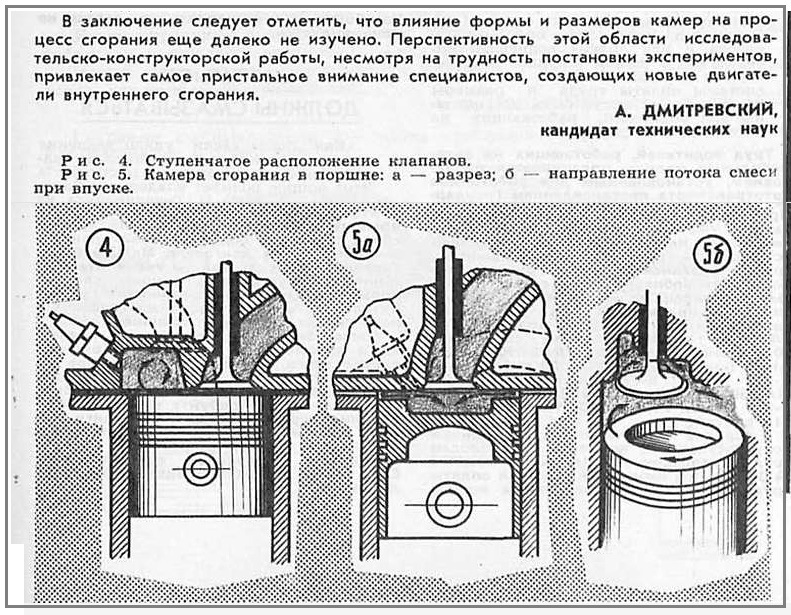 Схема камеры сгорания дизельного двигателя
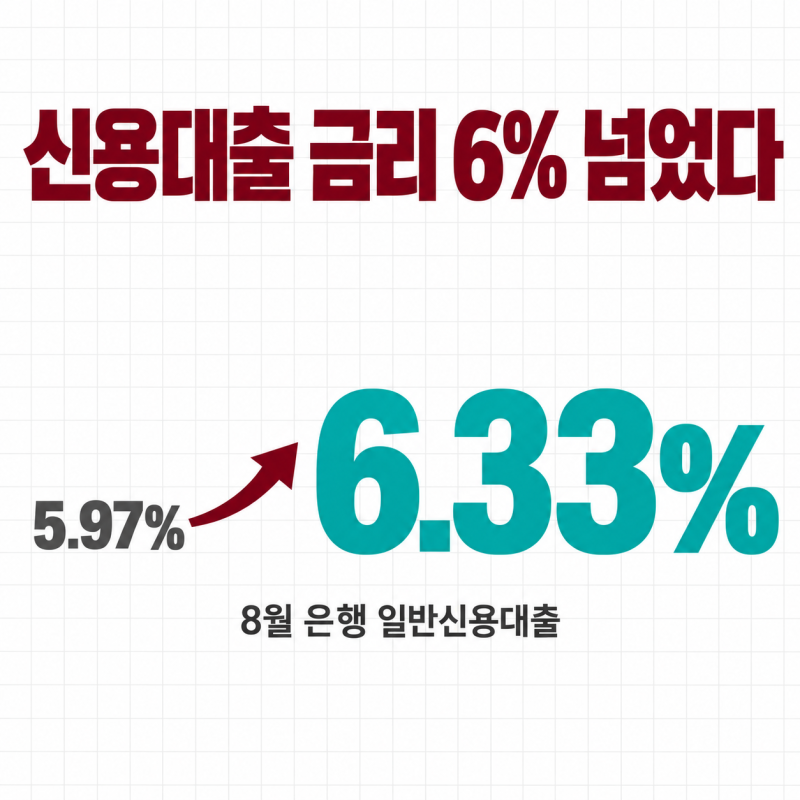 신용대출 금리 올해 처음 6% 넘었다…승진했다면 '금리인하요구권'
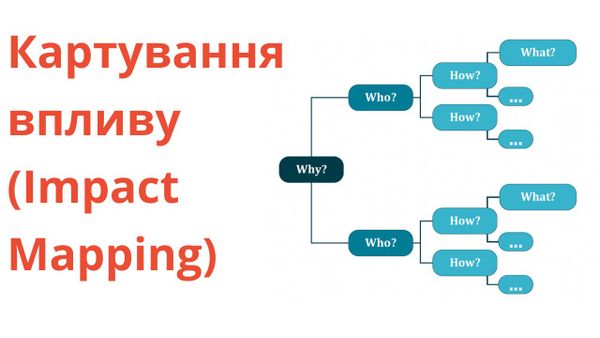 Картування впливу (Impact Mapping)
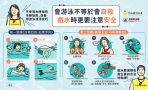 備戰炎夏防溺  中市消防提前完成多處水域演練  導入無人機強化救援量能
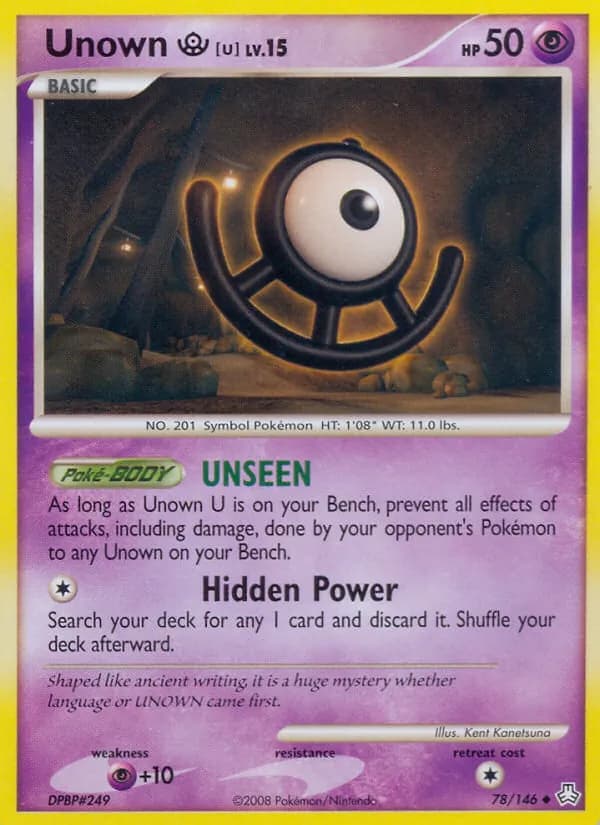 Icognito U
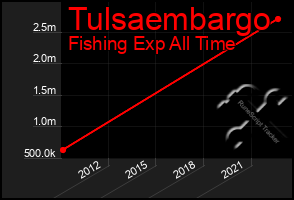 Total Graph of Tulsaembargo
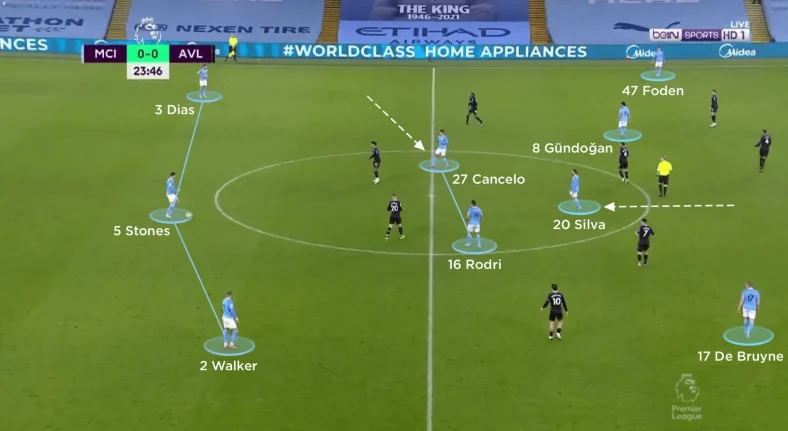 Strategi Pep Guardiola Membentuk Taktik Manchester City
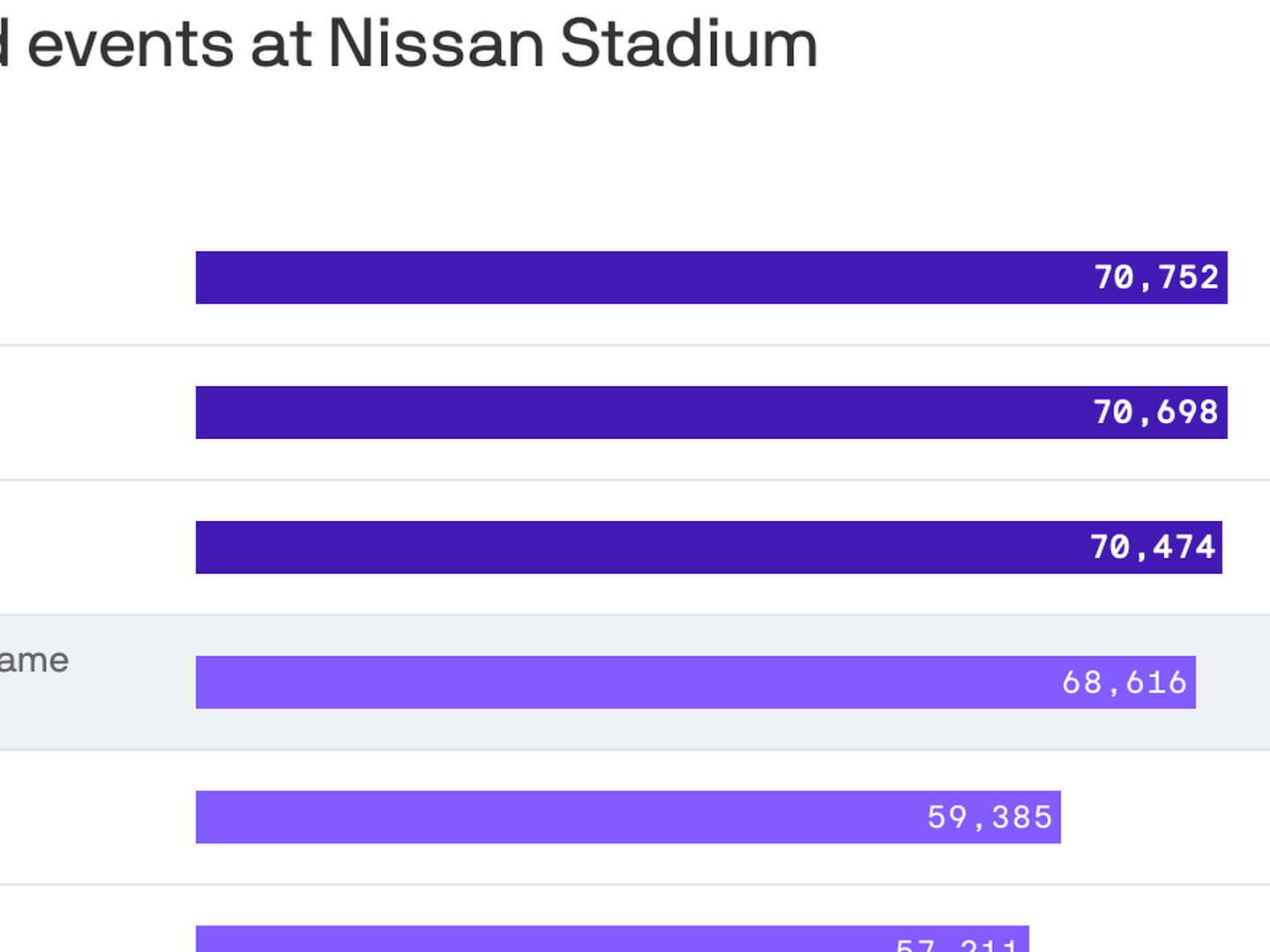 Tennessee Titans average attendance 2022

Work to complete
From the line containing "Картування впливу (Impact Mapping)" through the last line of the entries, copy each line exactly and only those, skipping all pictures.

Completed exercise
 Картування впливу (Impact Mapping)
 備戰炎夏防溺  中市消防提前完成多處水域演練  導入無人機強化救援量能
 Icognito U
 Total Graph of Tulsaembargo
 Strategi Pep Guardiola Membentuk Taktik Manchester City
 Tennessee Titans average attendance 2022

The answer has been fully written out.